FN did of course make a traditional selective-fire gun around the 7x43 - the FAL was a scaled-up version of it! It would undoubtedly have been excellent, but not as compact for CQB - or for jumping in and out of vehicles and helos. Judging by the emphasis the US Army is putting on the M4 these days, compactness seems to be important.

kcmarine
June 15, 2007, 09:10 PM
Well, there is no magic bullet (pun intended). Each round has it's niche. However, if I were forced to supply an entire army with ONE caliber, it would have to be either the .243 or the 7.62 Soviet. Both are relatively intermediate rounds, and both have good knock- down power. The .243 round might be a bit heavy on the recoil side, but today's firearm and cartridge technologies might be able to overcome that. And there has to be something that has kept the 7.62 round popular all of these years.

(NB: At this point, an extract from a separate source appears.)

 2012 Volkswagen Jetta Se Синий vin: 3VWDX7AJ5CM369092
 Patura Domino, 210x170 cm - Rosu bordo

I've always thought that we should start looking outside the box for ammunition possibilities. Heck, maybe the military should take a look at the 7.62x 39. Seems to work pretty well for everyone else.

PercyShelley
June 16, 2007, 12:23 AM
Does anyone have ballistics figures for the caseless cartridge the G11 fired? I'd be curious to know.

Tony Williams
June 16, 2007, 03:09 AM
The G11's 4.7x33 round fired a 52 grain bullet at 3.050 fps.

OneShot!
June 16, 2007, 10:02 AM
Sniper's choice- I can understand .308, but general issue I have to go with 7.62x39 the Ak47 round. They are just very reliable, and moderate recoild compare to heavy .308 rifles, yet perfectly powered.

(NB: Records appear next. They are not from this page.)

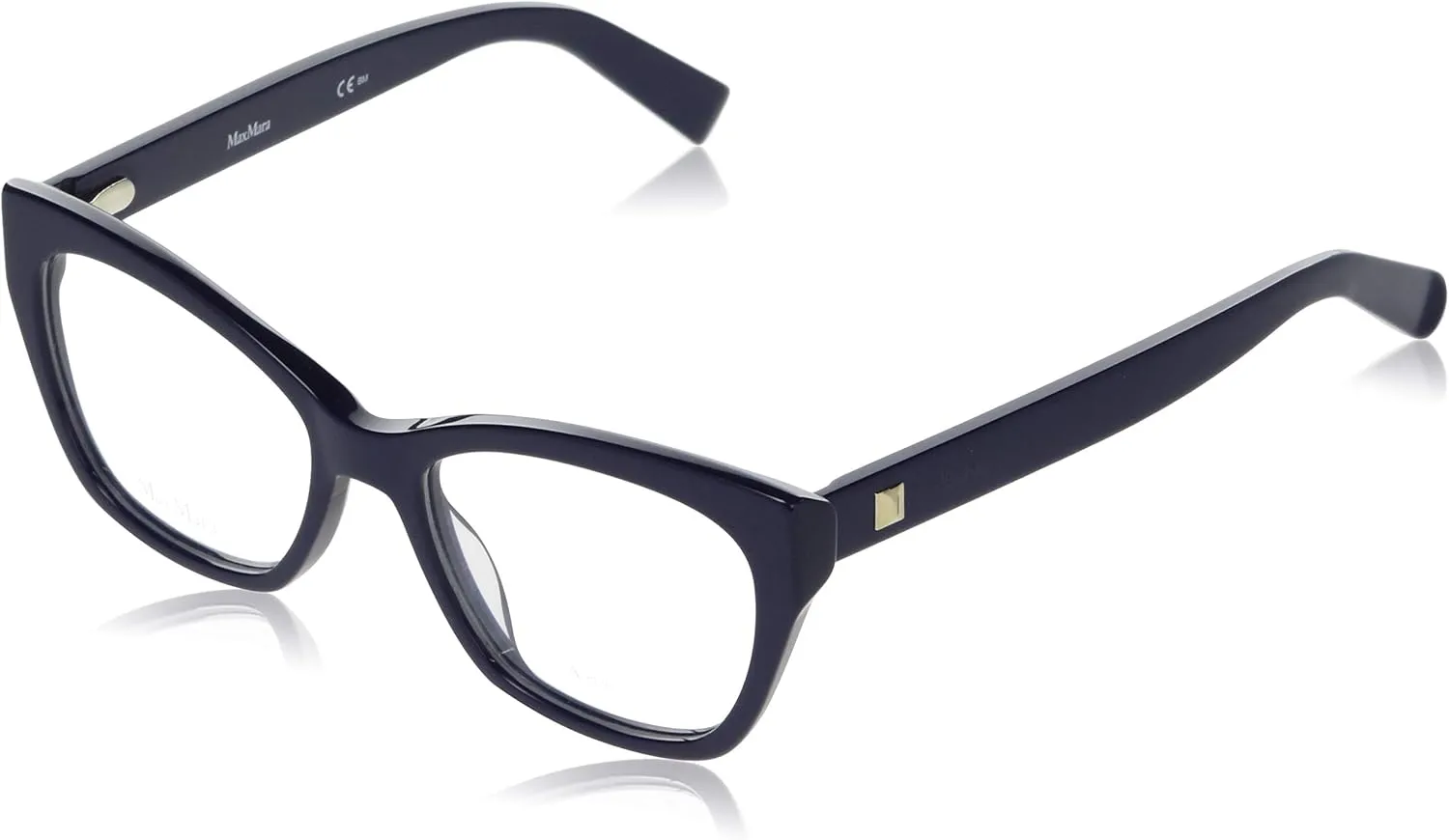Max Mara Plastic Rectangular Eyeglasses 53 0PJP Blue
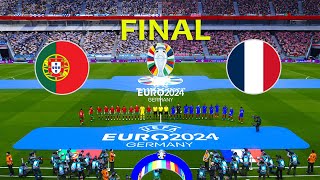 : PORTUGAL vs FRANCE - FINAL | EURO 2024 GERMANY | Full Match All Goals | PES Gameplay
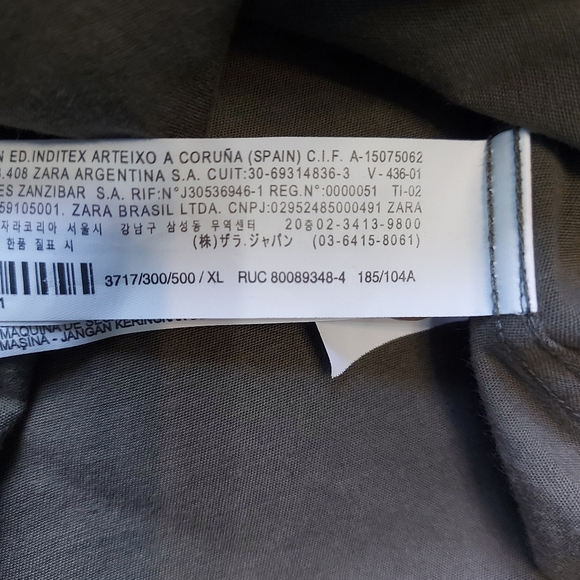 Zara Man Khaki Southwestern Pattern Button Up Long Sleeve Shirt, XL - Picture 8 of 9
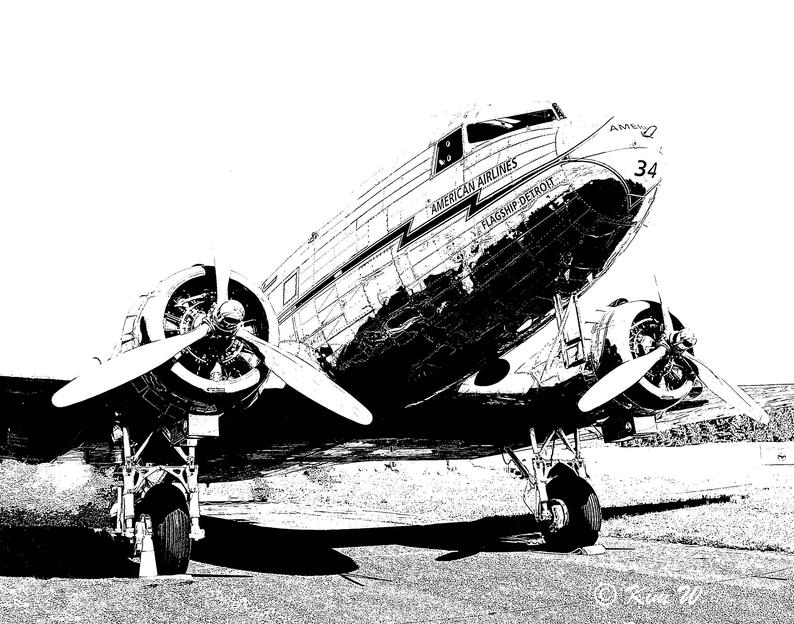 794x624 vintage airplane decor black and white airplane illustration etsy - Vintage Airplane Drawing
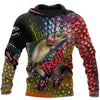 Joycorners TROUT-SALMON Fishing 3D Hoodie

My Second choice would be .243 for it flat trajectory.

Art Eatman
June 16, 2007, 11:48 AM
OneShot!, trouble is, you're ignoring US military doctrine--which is the main determinant. Then, add Bartholomew's comments...

Art

yokel
June 16, 2007, 11:51 AM
I'll have to confess that the good 'ol .30-06 is a sentimental favorite of mine.
http://www.rickard.karoo.net/Pictures/Okinawa09.jpg
http://www.rickard.karoo.net/Pictures/Okinawa09.jpg
http://upload.wikimedia.org/wikipedia/commons/thumb/0/07/Warkorea_American_Soldiers.jpg/800px-Warkorea_American_Soldiers.jpg
http://upload.wikimedia.org/wikipedia/commons/thumb/0/07/Warkorea_American_Soldiers.jpg/800px-Warkorea_American_Soldiers.jpg

Rokman
June 17, 2007, 12:42 AM
I fall in with the 6.8x43 crowd. The Futureweapons guy sure made the 6.8 look good compared to the 5.56x45.

Redneck with a 40
June 17, 2007, 12:54 AM
I have to go with the 7.62x39. Since most firefights are within 100 yards, 7.62x39 is ideal. This round has significantly more knockdown power than the 5.56, the recoil is not severe, the weight increase over 5.56 would be marginal, the 7.62x39 has a lot more punch. I've never been impressed with the 5.56, I've heard reports out of Iraq of the soldiers wanting something more powerful, like the 6.8 spc. If your inside of 150 yards, the 7.62x39 is pretty flat shooting.

nemoaz
June 17, 2007, 01:27 AM
There have been proposal for .243

I'm not aware of there ever being a proposal for a .243 military weapon. And certainly no Army has ever used it despite it being in existence for many decades. 6mm carbine is not .243.

High Planes Drifter
June 17, 2007, 02:15 AM
I'll have to confess that the good 'ol .30-06 is a sentimental favorite of mine

The .30-06 is an outstanding cartridge compared to any cartridge in any time period, and will live forever as a cartridge that served its country perfectly through 2 world wars, and a host of other conflicts. Hell, the round is still in service today in some third world countries. Pretty much every American even remotely farmiliar with guns has a soft spot for the old warhorse. And it has earned its place as "Americas' Round".

That being said, as a military round, shooting 165gr. bullets, the 7.62Nato matches it pretty much exactly while providing a faster cyclic rate in auto weapons, and lighter wieght, due to shorter case length. Niether work well as a carbine round for fast, furious "close in" fighting IMO. They work better as machine gun rounds nowadays.

4fingermick
June 17, 2007, 08:26 AM
Love the 223, hunt with it a lot, didn't get to use it in the army, only ever used the 7.62Nato. Love them both. If I had to carry all my ammo and resupply was patchy, I'd lean towards the 5.56. If re sup was easy, the 7.62.

The new 6.8 round they are kicking about sounds like a good thing. We aussies used to neck 223s up to 243 which made a lovely round.